Ron Ziegler, President Nixon's embattled spokesman during the long Watergate drama, had the most praise for the press. Roger Tubby, who held the job in the last months of the Truman administration, was the most condemning, and Jody Powell, of the Carter years, the funniest.
All were here for the annual White House Correspondents Association dinner tonight and were invited to the White House for lunch by President Reagan's deputy press secretary, Larry Speakes. It was Speakes' idea that the visitors might enjoy ascending the podium just one more time for questioning by reporters.
Generally, the six said they did not feel that Reagan is being treated too roughly by the media.
But Ziegler, who said that in his travels since leaving office he has come to hold the American press in high esteem, said humorously that he thought Nixon had gotten a free ride.
"You got a free ride right out," ABC's Sam Donaldson shot back.
Only President Ford's spokesman, Ron Nessen, and Powell admitted to having told a lie as press secretary.
Nessen said he had tried to give reporters the impression that there was an official reason for a trip Ford took to Florida when Ford just wanted to play in a golf tournament. Powell confessed to having lied when reporters had asked whether Carter was planning a raid to rescue the hostages in Iran.
"I don't remember if I did," said George Christian, who served under President Johnson. "Maybe I don't want to remember it."
When asked if he had told a lie, Ziegler drew friendly laughter by asking, "You want me to respond to this one?" He said he never knowingly lied, because he was kept in the dark about the Watergate scandal.
Tubby said he had never "deliberately lied," but many times "had no comment when, perhaps, I should have or could have said something about an issue."
Tubby, however, followed up with criticism of the press, reading from notes he had scribbled on the back of a laundry form provided by his hotel.
"From Castro's rise to El Salvador and the PLO, there has been a media disposition to look more favorably on what it considers liberal positions," he said.
Suggesting that anti-nuclear demonstrations in Europe were orchestrated by communists, he asked rhetorically who was behind the demonstrations this week in the United States.
"Teddy Kennedy and Mark Hatfield," said UPI reporter Helen Thomas as nearly everyone in the room but Tubby erupted in laughter.

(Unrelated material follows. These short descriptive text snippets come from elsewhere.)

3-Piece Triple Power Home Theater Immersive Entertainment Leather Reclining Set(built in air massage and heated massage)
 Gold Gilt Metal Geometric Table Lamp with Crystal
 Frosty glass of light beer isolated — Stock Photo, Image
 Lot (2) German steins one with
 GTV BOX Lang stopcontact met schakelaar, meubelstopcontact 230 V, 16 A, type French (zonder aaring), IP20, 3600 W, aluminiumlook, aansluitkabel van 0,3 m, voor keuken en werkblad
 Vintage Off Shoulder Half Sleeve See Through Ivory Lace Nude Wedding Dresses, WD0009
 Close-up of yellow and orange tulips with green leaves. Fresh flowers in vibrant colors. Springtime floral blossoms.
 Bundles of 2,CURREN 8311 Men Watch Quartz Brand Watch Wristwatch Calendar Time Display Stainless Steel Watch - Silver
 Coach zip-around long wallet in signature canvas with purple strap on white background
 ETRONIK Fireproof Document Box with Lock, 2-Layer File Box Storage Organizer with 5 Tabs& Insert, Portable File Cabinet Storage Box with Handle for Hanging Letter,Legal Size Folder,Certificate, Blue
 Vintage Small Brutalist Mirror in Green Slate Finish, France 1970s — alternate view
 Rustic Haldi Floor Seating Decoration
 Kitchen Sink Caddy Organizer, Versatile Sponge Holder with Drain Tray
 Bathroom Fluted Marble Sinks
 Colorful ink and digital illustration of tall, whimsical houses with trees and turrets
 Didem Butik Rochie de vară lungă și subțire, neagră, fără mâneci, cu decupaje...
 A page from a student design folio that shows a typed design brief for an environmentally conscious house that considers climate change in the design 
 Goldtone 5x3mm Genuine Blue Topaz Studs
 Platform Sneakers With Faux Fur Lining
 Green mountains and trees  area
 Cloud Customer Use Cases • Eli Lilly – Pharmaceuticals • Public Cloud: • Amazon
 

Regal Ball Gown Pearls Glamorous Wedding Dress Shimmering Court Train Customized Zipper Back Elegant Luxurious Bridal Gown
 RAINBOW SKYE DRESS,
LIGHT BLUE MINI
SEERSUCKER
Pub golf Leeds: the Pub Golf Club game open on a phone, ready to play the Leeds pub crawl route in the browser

Jerry terHorst, who served Ford for the first month of his administration, was there. Pierre Salinger, spokesman for President Kennedy, and Bill Moyers, one of Johnson's press secretaries, both now in television, were out of the country on assignment.
Moyers' CBS documentary Wednesday on the impact of Reagan's budgets cuts on the poor, which has drawn stinging criticism from the Reagan White House, was mentioned, and Tubby was the most outspokenly critical.
But, Powell deadpanned: "There have been allegations that it was one-sided and biased. And I kind of have to agree with that in this respect. All that CBS program showed was just the people who had been in some way hurt by the present situation. And it seems to me that CBS now has an obligation to go back and do a program which shows the people that have benefited from the present situation."
Speakes laughed. "I give these guys a free meal and look what I get out of it," he said.